Question

We know that MAJSAT is PP-complete. Is it generally true that given an NP-complete problem, its majority variant is PP-complete? For example,

MAJ-Set-Splitting: are the majority of partitions of items going to split the sets?

MAJ-Subset-Sum: does the majority of partitions of items have a sum of exactly K?

etc...

Answer 1

The following is based on an answer I got from Piotr Faliszewski, thanks Piotr!

As the example by Yuval shows, things aren't as straightforward. First, one must clearly define what "a majority variant" really means. In most NP-complete decision problems the meaning is quite clear: these problems ask about the existence of some object with a given property and then you can enumerate these objects; "computation paths that return yes" refer to the objects with the property.

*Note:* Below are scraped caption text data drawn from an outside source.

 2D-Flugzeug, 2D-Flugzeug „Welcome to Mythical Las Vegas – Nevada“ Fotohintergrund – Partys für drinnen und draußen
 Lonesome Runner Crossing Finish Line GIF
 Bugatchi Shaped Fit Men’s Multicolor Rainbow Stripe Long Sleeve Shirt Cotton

The following claim holds: if an NP-complete problem X was shown to be NP-C via a parsimonious many-one reduction from problem Y, for which MAJ-Y is PP-complete, then MAJ-X is PP complete.

In short, a parsimonious reductions guarantees that there is a 1-to-1 mapping between the "computation paths" of the problem we reduce from and the "computation paths" of the problem we reduce to.

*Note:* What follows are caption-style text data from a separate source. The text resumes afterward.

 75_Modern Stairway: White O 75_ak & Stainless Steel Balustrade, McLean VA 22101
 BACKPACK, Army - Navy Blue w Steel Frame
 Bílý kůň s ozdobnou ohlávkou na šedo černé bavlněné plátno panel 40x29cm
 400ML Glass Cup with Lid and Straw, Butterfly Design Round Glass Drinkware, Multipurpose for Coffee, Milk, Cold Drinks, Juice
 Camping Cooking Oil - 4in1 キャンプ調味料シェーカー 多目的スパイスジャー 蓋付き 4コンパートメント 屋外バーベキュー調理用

Many reductions between standard NP-C problems are known to be parsimonious (and, indeed, such reductions are often easiest to derive).

What happens if you take a problem X which is not NP-C in a parsimonious sense?

Problem: Stupid-SAT

Input : formula F over variables x1,...,xn,y1,...,yn

Question: Is it possible to set the variables x1,...,xn,y1,...,yn such that:

F(x1,...,xn,y1,...,yn) is satisfied.
all y1,...,yn are set to false

Now, no matter what input formula we have, among the 22n "computation paths", there are at most 2n ones that say yes (provided we are guessing the values for x's and y's, which, while a bit silly, would be a natural interpretation of the statement of the problem).

Thus, there is never a majority of computation paths that say yes and so Maj-Stupid-SAT is an empty set, which certainly is not PP-complete.

Thus, I would be quite careful about saying the if X is NP-C then Maj-X is PP-complete (or even hard; the empty set above is, of course, very easy).

An additional note about counting variants: given an NP-C problem X, define #-X as "how many satisfying paths does an instance of X have?"

Is #-X #P complete? (e.g. #-TSP = how many routes of length less than k traverse all nodes?)

This also does not have a straightforward answer. There are at least four different (more and more general) notions of #P-completeness.

#P-parsimonious-complete (e.g., #SAT is here)

#P-many-one-complete (e.g., computing Shapley value for WVGs is here, but not above)

#P-metric-complete

#P-Turing-complete

#P-parsimonious-complete is the most restrictive class and #P-Turing-complete is the largest. Some of these classes are known to differ between each other.

When people show hardness, it is easiest to show #P-Turing-completeness and if someone was not careful to mention the exact type of #P-completeness and you do not explore the reduction carefully, the most you can assume is #P-Turing-completeness.

As before, if the problem X was shown to be NP-C in a parsimonious way from a problem Y for which #-Y was #P complete, then you can certainly claim #P-parsimonious-completeness for #-X. Otherwise, things get complicated.

Indeed, though in a different direction, it is well known that there are poly-time problems whose counting variants are #P-complete (one way or the other).

The very least one can claim, however is the following: if a problem X is NP-C, then certainly #-X is hard in some computational way (indeed, if it were easy then solving X would be easy too).